小4体育「ゴール型ゲーム」指導アイデア
執筆/熊本県公立小学校教諭・上田拓実
編集委員/国立教育政策研究所教育課程調査官・塩見英樹、熊本市教育委員会指導主事・吉田誠
目次
授業づくりのポイント
中学年のゲーム領域では、規則を工夫したりゲームの型に応じた簡単な作戦を選んだりして、集団対集団で友達と力を合わせて競い合いながら楽しむことのできる易しいゲームを行います。
なかでも、ゴール型ゲームは、相手チームとコート内で攻守入り交じって、手や足でシュートしたり、陣地を取り合って得点ゾーンに走り込んだりして得点する喜びを味わうことができます。今回は、手を使ってパスをつないだり、シュートしたりする「ハンドボールを基にした易しいゲーム」を取り上げます。手でボール操作を行うため、比較的意図した通りにボールを扱うことができるので、作戦を実行しやすく成功体験を味わうことができ、意欲的に学習に取り組むことができます。
本単元では、「3対2」のゲームを中心とし、ボールに触れる機会を多く確保します。また、コート数を確保したり、単元を通した規則の工夫を行ったりすることで、運動量の確保も期待できます。友達と一緒に活動に取り組みながら、たくさん体を動かしたり簡単な作戦を選んだりし、できるようになった喜びをすべての子供たちが味わえるようにしましょう。
ゴール型ゲームにおける感染症対策
○授業前後の手洗いを徹底する。
〇チームで作戦を考えるときには、子供と子供の間隔を十分に空ける。
〇毎時間、まとめのときに安全面のふり返りや健康状態の確認、水分補給の指示を行う。
〇1時間内で対戦するチームを固定し、接触する人数をできるだけ減らす。
〇コート内の移動できる範囲を限定し、必要以上の接触がないようにする。
など
※各地域の感染レベルに合わせて十分な対策をしてください。
単元計画(例)
※前半はボール操作に慣れてシュートを打つこと、後半は簡単な作戦を選んで攻めと守りを楽しむことを想定しています。
楽しむ① ボールの扱いに慣れ、ゴールを決めて楽しもう
ゴール型ゲームにおいて、子供たちが楽しさを味わうのは「シュートを打てたとき」や「得点したとき」だと思います。そこで、単元前半では、「ボールの扱いに慣れて、シュートを打つ」ことを中心的な学習内容にします。ボールは中学年の子供でも扱いやすくするため、少し空気を抜いた1号球を使用します。また、ゴールはシュートが入りやすいように360度どこからでもシュートが打てるようにします。

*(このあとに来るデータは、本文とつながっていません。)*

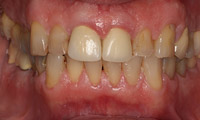 Older man before crown teeth and gums closeup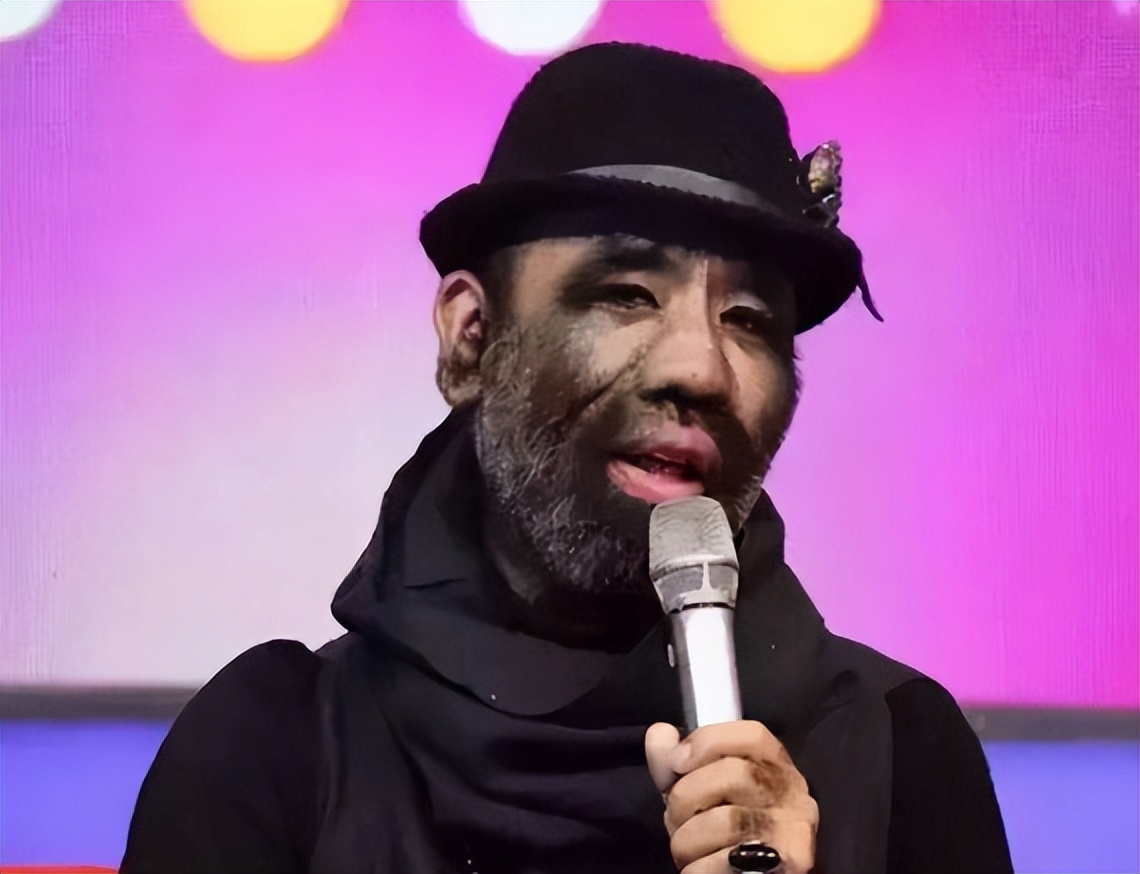 当年轰动一时的“毛孩”：42岁娶90后娇妻，生下一子未遗传长毛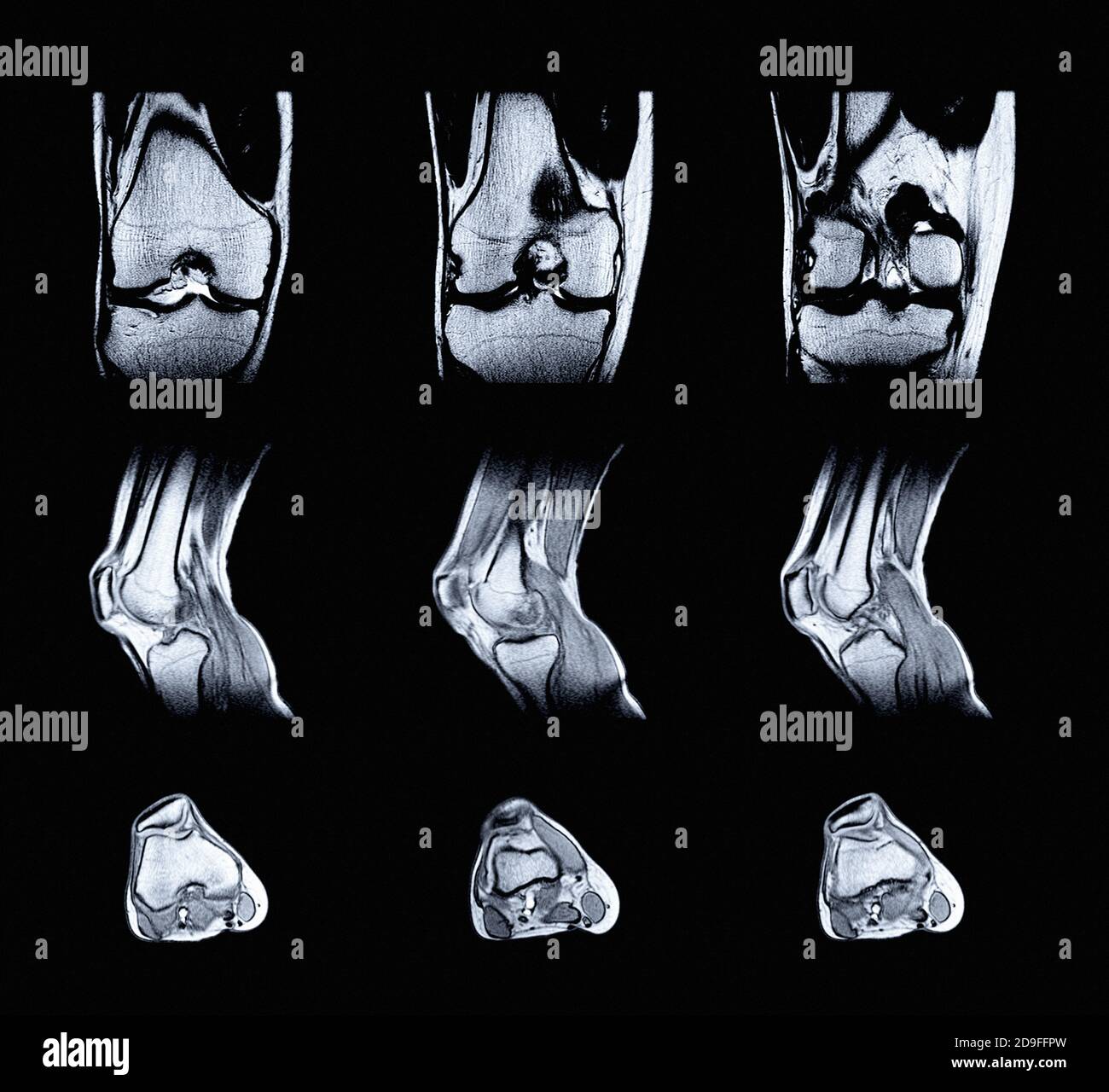 Magnetic Resonance Imaging MRI Of Right Knee Closed Injury Of The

味方からパスされたボールをキャッチしたり、味方にパスを出したりしながらゴールに向かうことができるようなボール慣れの運動を取り入れます。また、「攻める側のチームと守る側のチームを設定し、3分間攻め続け、その後攻守を交代する」「攻める側は3人、守る側は2人」「相手の体や持っているボールに触れない」という規則を設定し、攻める時間を十分に確保します。単元前半は、ボール操作を中心にして、誰もが「パスを出せた」「シュートを打てた」「得点できた」という成功体験を味わうことができるようにしましょう。
心と体の準備をしよう
ハンドリング
ボールを投げている間にやってみよう。
・拍手をして
・頭→肩→腹→膝→つま先を触って
・その場で一回転して
ゴー!ゴー!パス!
※慣れてきたら距離を伸ばします。
ゴー!ゴー!シュート!
ボールを取ったらシュート。
ボールに慣れ、シュートを打って楽しもう
基本の規則
- 1チーム3人~4人。
- コート内の人数は攻める側3人・守る側2人。
- コートは正方形(10×10m)。
- 中央の的(段ボールなど)にボールを当てたら1点
- 守る側は守備ゾーンで守る。
- ゴールゾーンには誰も入らない。
- ドリブルはなし。
- 4歩以上歩いてはいけない。
- チーム内で順番を決めておき、得点が決まったり、守りチームがボールをカットしたりしたときに、順番にローテーションを行う。
- 攻撃再開はスタートゾーンからスローインして始める。
- 攻める側は、3分間攻め続ける。守りのチームは守り続ける。その後、攻守を交代する。
※チームの一人ひとりの「ボールを触った数」「シュート数」や「得点(シュートの成功数)」を記録化すると、チームとしての課題や個人の課題が把握しやすいでしょう。また、全員がゲームに参加できるようにすることにもつながります。